Contributions to a defined benefits plan are usually deductible, and withdrawals in retirement are considered income for tax purposes. When establishing this type of plan, you must work with an actuary to calculate the deduction limit.
So that raises the question:
How Can You Save for Retirement?

The first step is to know how much you want to save. Remember, SMART (specific, measurable, achievable, relevant, and time-bound) goals are the cornerstone of every financial endeavor. Without setting a SMART goal, you’ll be saving for retirement without a plan.
Most financial advisors and institutions, including Fidelity, recommend an age-based calculation. By the time you retire, which will be at age 67, you should have 10 times your current income saved.
Of course, neither of these are “rules” you have to follow. You still have to think about your own unique lifestyle needs and personal circumstances. Your final goal will differ, but these might provide some guideposts on where to begin.

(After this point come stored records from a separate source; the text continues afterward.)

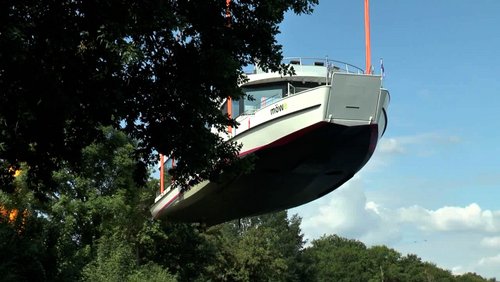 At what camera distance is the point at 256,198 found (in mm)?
33688

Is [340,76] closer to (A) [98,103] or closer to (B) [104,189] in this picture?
(A) [98,103]

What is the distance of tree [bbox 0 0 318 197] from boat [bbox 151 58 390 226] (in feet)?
23.0

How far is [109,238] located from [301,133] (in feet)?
42.1

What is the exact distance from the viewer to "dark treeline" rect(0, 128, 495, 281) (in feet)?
57.0

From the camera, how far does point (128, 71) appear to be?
9398 millimetres

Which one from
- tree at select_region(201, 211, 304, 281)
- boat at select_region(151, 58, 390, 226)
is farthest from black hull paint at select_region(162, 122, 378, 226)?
tree at select_region(201, 211, 304, 281)

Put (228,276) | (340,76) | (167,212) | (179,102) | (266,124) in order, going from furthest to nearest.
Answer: (228,276)
(167,212)
(266,124)
(340,76)
(179,102)

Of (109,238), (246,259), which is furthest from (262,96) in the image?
(246,259)

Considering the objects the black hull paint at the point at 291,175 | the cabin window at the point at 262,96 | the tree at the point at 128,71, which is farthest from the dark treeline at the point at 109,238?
the cabin window at the point at 262,96

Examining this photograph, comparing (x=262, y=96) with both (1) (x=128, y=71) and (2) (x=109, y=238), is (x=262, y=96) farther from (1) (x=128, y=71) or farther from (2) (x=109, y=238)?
(1) (x=128, y=71)

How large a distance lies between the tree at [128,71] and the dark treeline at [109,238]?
138 centimetres

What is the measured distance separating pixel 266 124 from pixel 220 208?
11572mm

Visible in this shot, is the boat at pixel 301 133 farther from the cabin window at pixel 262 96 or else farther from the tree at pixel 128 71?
the tree at pixel 128 71

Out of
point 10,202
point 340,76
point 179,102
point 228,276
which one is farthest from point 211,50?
point 228,276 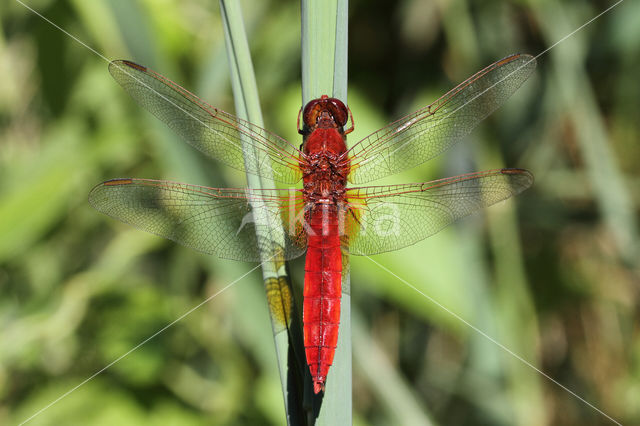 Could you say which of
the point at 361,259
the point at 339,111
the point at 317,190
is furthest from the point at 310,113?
the point at 361,259

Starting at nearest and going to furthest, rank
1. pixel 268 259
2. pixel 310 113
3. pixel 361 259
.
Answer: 1. pixel 268 259
2. pixel 310 113
3. pixel 361 259

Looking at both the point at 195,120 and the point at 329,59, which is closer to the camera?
the point at 329,59

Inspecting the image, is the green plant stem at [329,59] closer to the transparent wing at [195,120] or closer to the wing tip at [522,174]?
the transparent wing at [195,120]

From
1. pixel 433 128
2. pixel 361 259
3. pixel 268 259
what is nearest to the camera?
pixel 268 259

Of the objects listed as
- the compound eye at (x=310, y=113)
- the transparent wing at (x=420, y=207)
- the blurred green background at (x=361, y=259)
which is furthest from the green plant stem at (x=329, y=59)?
the blurred green background at (x=361, y=259)

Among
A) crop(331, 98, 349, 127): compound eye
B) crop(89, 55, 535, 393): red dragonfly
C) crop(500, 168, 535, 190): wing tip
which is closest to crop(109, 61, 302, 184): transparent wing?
crop(89, 55, 535, 393): red dragonfly

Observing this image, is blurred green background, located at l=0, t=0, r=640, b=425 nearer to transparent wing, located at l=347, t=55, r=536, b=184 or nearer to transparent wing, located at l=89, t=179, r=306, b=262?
transparent wing, located at l=89, t=179, r=306, b=262

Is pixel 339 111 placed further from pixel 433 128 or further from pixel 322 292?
pixel 322 292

To get there, here are some retirement savings ideas to consider:
- Consider saving 15% of your yearly income for retirement. The earlier you start saving, the better. This is because compound interest and time will work in your favor. Conversely, the later you start, the more you’ll have to save to “make up for lost time.” This 15% figure is based on saving beginning at age 25.
- Consider building it into your budget or automating your savings. For many people, saving for retirement is an afterthought. By incorporating it into your budget and automating your savings, you are “paying yourself first.” Your future is as much of a priority as your bills and current cost of living.
- Consider starting immediately (if you haven’t already). Again, earlier is better, but it’s never too late to start. Yes, late is better than never. Don’t let negative thoughts or shame prevent you from saving for your future. Everyone has made financial mistakes in the past, but it’s how you move forward that matters.
- Consider reigning in your spending. Every rand or dollar you save can be applied towards debt, emergency savings, or your retirement account! While a few extra rands or dollars saved here and there might not seem like a lot, it adds up quickly. When combined with compound interest, the difference can be incredible over the course of several years and decades.
- Consider your emergency savings. One of the biggest mistakes you can make is to withdraw from your retirement savings. Not only would it be defeating the purpose of a retirement account, but you’ll be hit with hefty penalties and taxes for withdrawing early. Rather, it’s important to have a separate savings account specifically for your emergency fund. This way, when you need a new tyre, have a dental emergency, or need extra money to help cover the bills, you’ll be able to withdraw the money penalty-free.
Considering these tips, you’ll be able to make the most of your retirement plan as a self employed individual!
What Self-Employment Retirement Plans Are Available?

In a traditional job, your employer will sponsor a retirement plan that you can participate in and take advantage of.
Being self-employed, however, means that you’ll be responsible for shopping around for the best provider (broker) for your retirement accounts.
You can even contact your bank to see if they offer brokerage services.
In Conclusion!
Self-employed people need strategic preparation and disciplined financial practices to retire comfortably. To maximize compounding, making monthly contributions to retirement accounts. Second, diversify assets to reduce risk and boost growth. Maximize your savings by learning about self-employed tax breaks and credits. Consider creating an emergency fund to handle financial emergencies without jeopardizing your retirement aspirations. Finally, review your retirement plan to fit changing circumstances and maintain financial stability. Self-employed people can retire comfortably by following these guidelines.